A Sense of Place: The Tosh Farm near Ligonier, Pennsylvania

Leaving Bradford, Pennsylvania, we brought Emily to Buffalo, New York, for her flight back to college in Boston. What visit to Buffalo is complete without a quick sidetrip to Niagra Falls:

Which Sam had not seen before:

In Montana, we think of a family as having deep roots if they are of the third or fourth generation in a place, having been there a hundred years or so. Certainly, even in that short time, people can come to feel a part of the land that they live in. I have long taught "sense of place" as a concept in my Technology & Society classes, using readings from authors such as Wendell Berry and Rene Dubos, and so I was sensitive to this issue after we left Niagra Falls and Bradford behind for a visit with my brother-in-law and his wife near Ligonier, Pennsylvania.
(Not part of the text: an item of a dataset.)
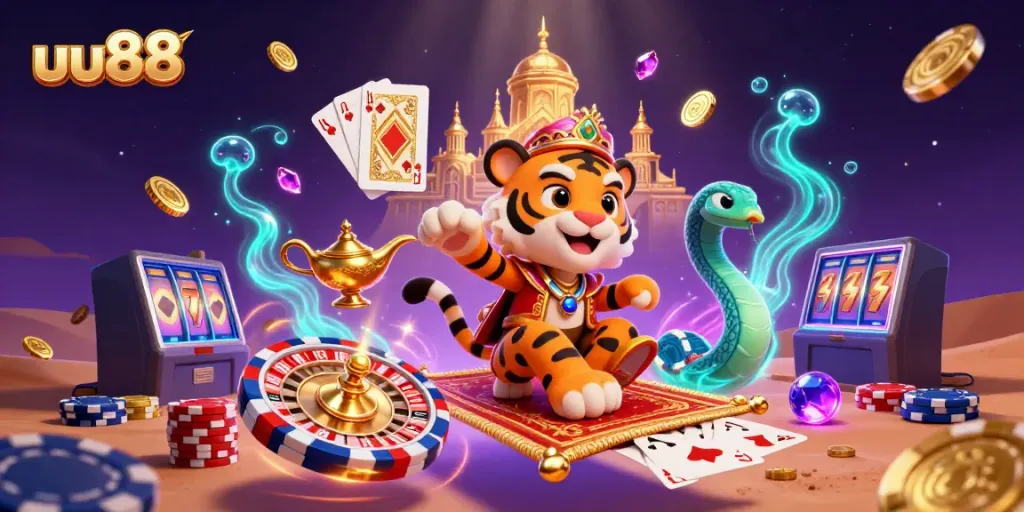 Experience thrilling gameplay at uu88 with a vibrant casino scene featuring a tiger sultan, golden coins, and poker chips.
Carol's people -- the Tosh family -- have been on the land there since shortly after the Revolutionary War. Their family and the old Tosh farm played a role in the Whiskey Rebellion -- an early test of federal power -- which resulted from the US Congress whiskey tax of 1791 (blame Alexander Hamilton for this). The Scot-Irish farmers of Western Pennsylvania depended on distilling and selling a little rye (not corn) whiskey to supplement their income. In response to the new law, they formed a loosely-organized mob and attacked tax collectors.

In 1794, the feds (i.e. President Washington) sent a force of about 13,000 soldiers to put down the rebellion. About 150 rebels were arrested, farmers began paying the tax (many were probably forced out of business), and federal power became a cornerstone of the new nation.
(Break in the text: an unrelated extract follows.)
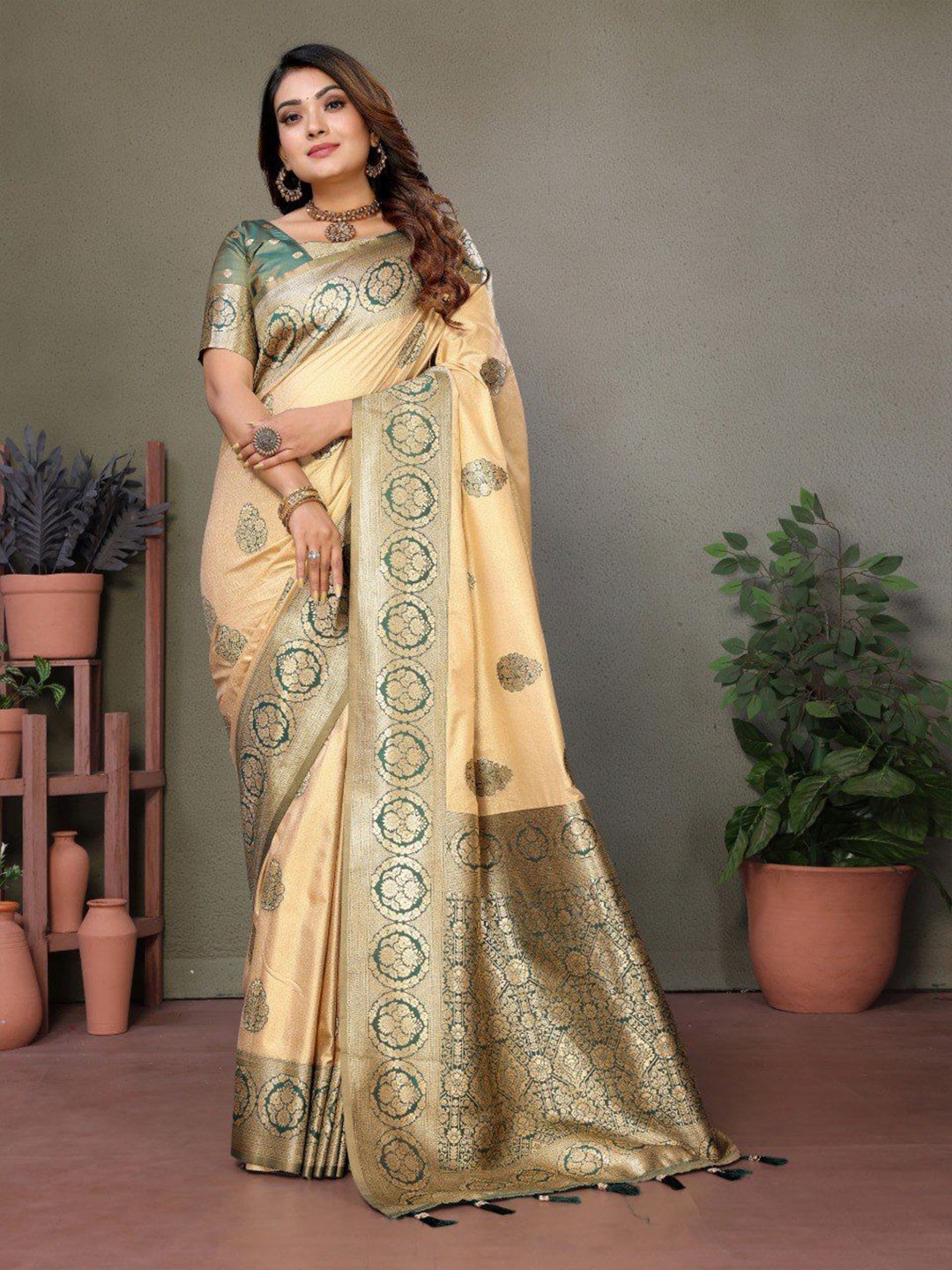 

Anaita Woven Design Zari Banarasi Saree, Green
There is lots of evidence of long habitation on the Tosh farm, such as this old spring box:

And this barn and corn crib:

And the family homestead:

Despite this intensive use over the past 200+ years, the ecosystem appears healthy. There are still a few corn fields under cultivation, but much of the land is a fantastically diverse hardwood forests. On a walk around the place, I spotted many native trees, including oaks (white and red or black, I wasn't sure), sugar maple, hickory (shagbark and pignut), white pine, hemlock, birch (yellow and black), butternut, walnut, basswood, poplar, black cherry, beech, ironwood, and tulip poplar (or cucumber tree, I wasn't sure). No wonder that turkey, deer, and other game abound. Oh yeah, and there seem to be a few snakes around, as indicated by this nice black snake shed skin the dog found:

My nephew Sam (the oldest of the three brothers) is interested in hunting and recently won a nice 20 gage shotgun from a Wild Turkey Federation banquet. Here's Sam busting a few clays, with his dad Bill on the Armstrong Thrower:

Speaking of throwing, my arm is still sore. Bill's oldest two boys, Sam and Alex, constantly have a baseball or football in the air. No wonder Bill says his elbow is shot. Sam and Bill are also avid golfers, and Sam has converted the spacious front yard into a driving range and several greens. He's currently negotiating with Dad on excavating & hauling sand for the bunkers. Good Dad. Oh yeah, there's a pool for those hot summer afternoons. Both Alex:

And Domenic (yeah, that's my foot flipping his raft over) love the water:

To cap off the visit, Bill & Sam built a big fire and we all sat late into the cool night toasting marshmallows, roasting hot dogs, and swapping stories. I'd forgotten how well hardwood burns and how sweet it smells.